Paul Rudd: Everybody's Buddy
Paul Rudd doesn't seem like a leading man until you remember that some men star in movies with other men. Bob Hope didn't beat up criminals or woo ladies, and likewise, Rudd, who at 5 ft. 10 somehow projects 5 ft. 6, has found the perfect expression of his charming, nonthreatening slyness in the buddy comedy. After playing a lot of leading men's friends (The 40-Year-Old Virgin, Knocked Up) and nice guys embraced by leading women after they've come to their senses (Friends, Clueless), Rudd has graduated to playing the lead. He did it in last year's Role Models with Seann William Scott, and he's doing it again in I Love You, Man with Jason Segel, out March 20, in which he plays a guy who has been so focused on his girlfriends that he has no male friends. So his fiancée sends him out in search of a best man, which Rudd approaches with the earnestness of a man oddly comfortable being on the gayest journey ever.
But I wasn't buying the premise: that a straight adult male can successfully troll for straight adult male friends. Men are genetically programmed to shed friends once they get married, not add them. "If my dad had social engagements, it was my mom who arranged them," Rudd says. "But I never had a problem making friends." So, sitting in a booth at the Half King bar in New York City, two beers down, we decide to see if we can pull it off. (See the Top 10 Movie Bromances.)
For the first half-hour, all the guys we like walk right by, piling into the back of the bar for a reading by debut novelist Stephen Lovely. I wonder if maybe we should have gone to a sports bar, but Rudd seems to know what he's after. "If we went to ESPN Zone that's not our kind of guy," he says. "We want someone nerdy. Bookish. Probably wears Chuck Taylors. Can make jokes about the fact that he's listening to the new Fleet Foxes CD. Maybe a little fey. I love straight guys that seem gay. I'm a little like that." (See the top 10 movie performances of 2008.)

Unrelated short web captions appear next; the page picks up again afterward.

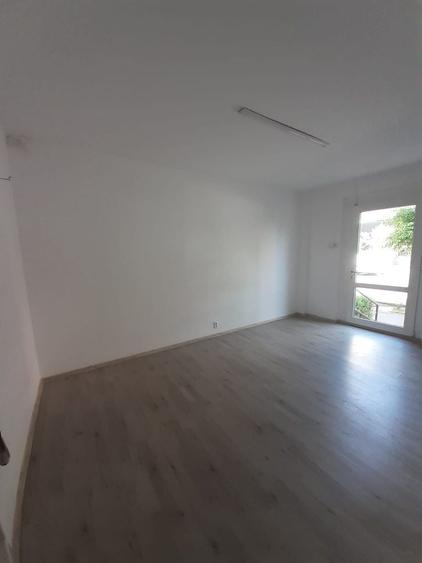Apartament cu 2 camere în Florilor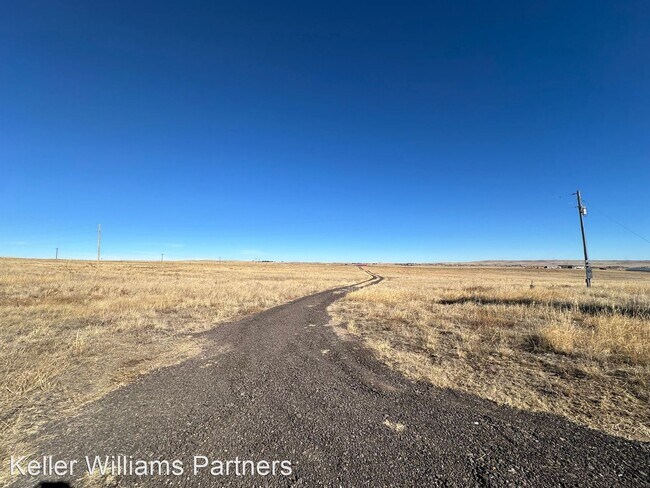 Building Photo - 3 br, 2 bath House - 13380 Log Rd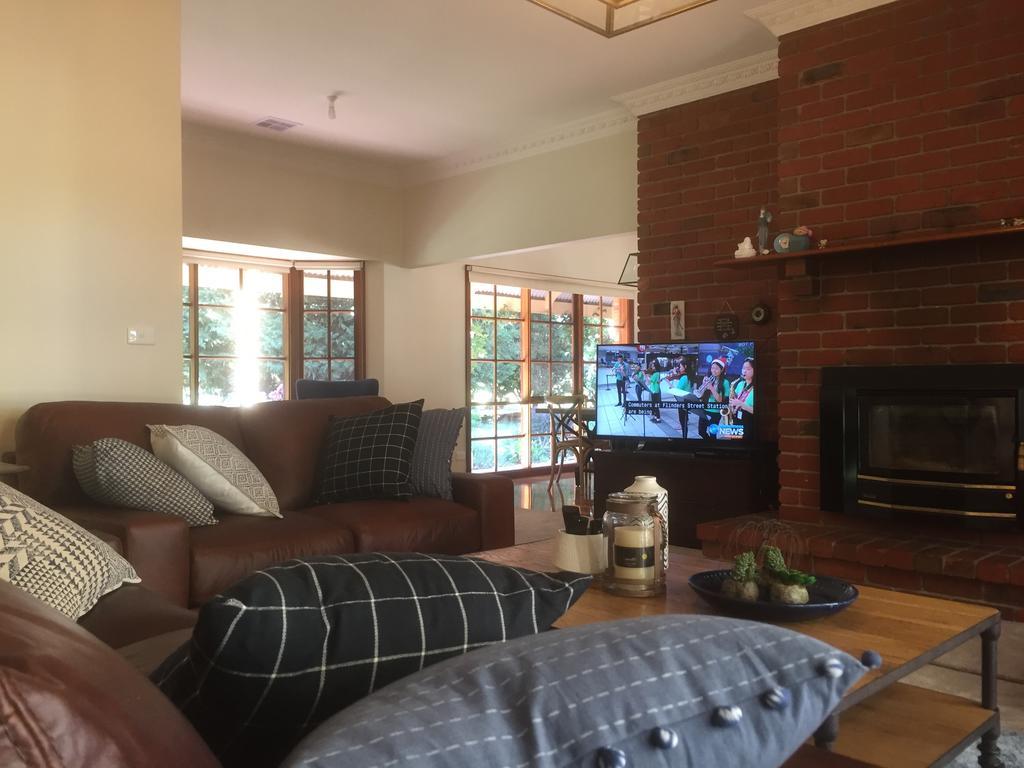 Helen'S Homestead Enfield Экстерьер фото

He is. But for a soft guy, his comedy can be pretty dude. He's both the kind of guy who indulges his 4-year-old son's habit of dressing up in three-piece suits and one whose friends view a TIME magazine article as an opportunity to tell embarrassing stories about him. "He always liked to get naked. Anybody that lived in his fraternity house would tell you. And yes, he is a frat boy, no matter how much he would go screaming from that now," says sportscaster Joe Buck, who, along with Mad Men star Jon Hamm, has known Rudd since their college days. Buck says the ass-slapping, gun-shooting dance Rudd did with Beyoncé when he hosted Saturday Night Live in November was his typical way of leaving a room in college. He built on those skills when he moved to L.A. after graduation, deejaying high-end Bel Air bar mitzvahs. "He was known as the guy who did the dork dance," Buck says. Even then, with his mullet and Duran Duran jacket, people thought he was cool. "He's adorable. There's no two ways about it," says Hamm. For an adorable guy, though, Rudd has depth. "He has a bit of a postmodern Jimmy Stewart quality. He's an everyman who has a dark side that peeks out from the edges," says Donald De Line, a producer of I Love You, Man.